##### Data excerpt

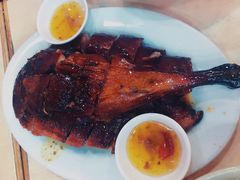 -一乐烧鹅(中环店)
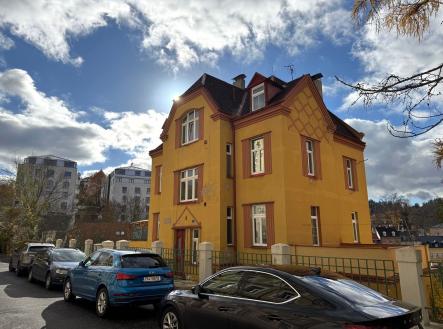 Prodej bytu, 2+1, 60 m²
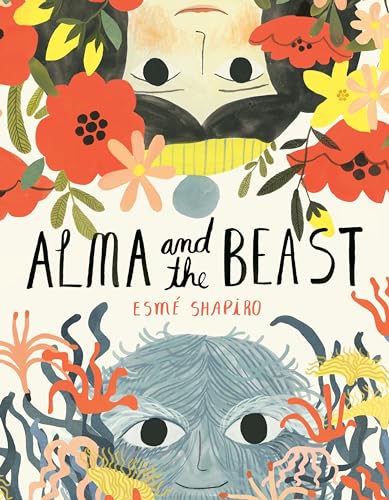 Alma and the Beast von Tundra Books (NY)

##########

Write out the data exactly, and exclude every picture it holds.

 -一乐烧鹅(中环店)
 Prodej bytu, 2+1, 60 m²
 Alma and the Beast von Tundra Books (NY)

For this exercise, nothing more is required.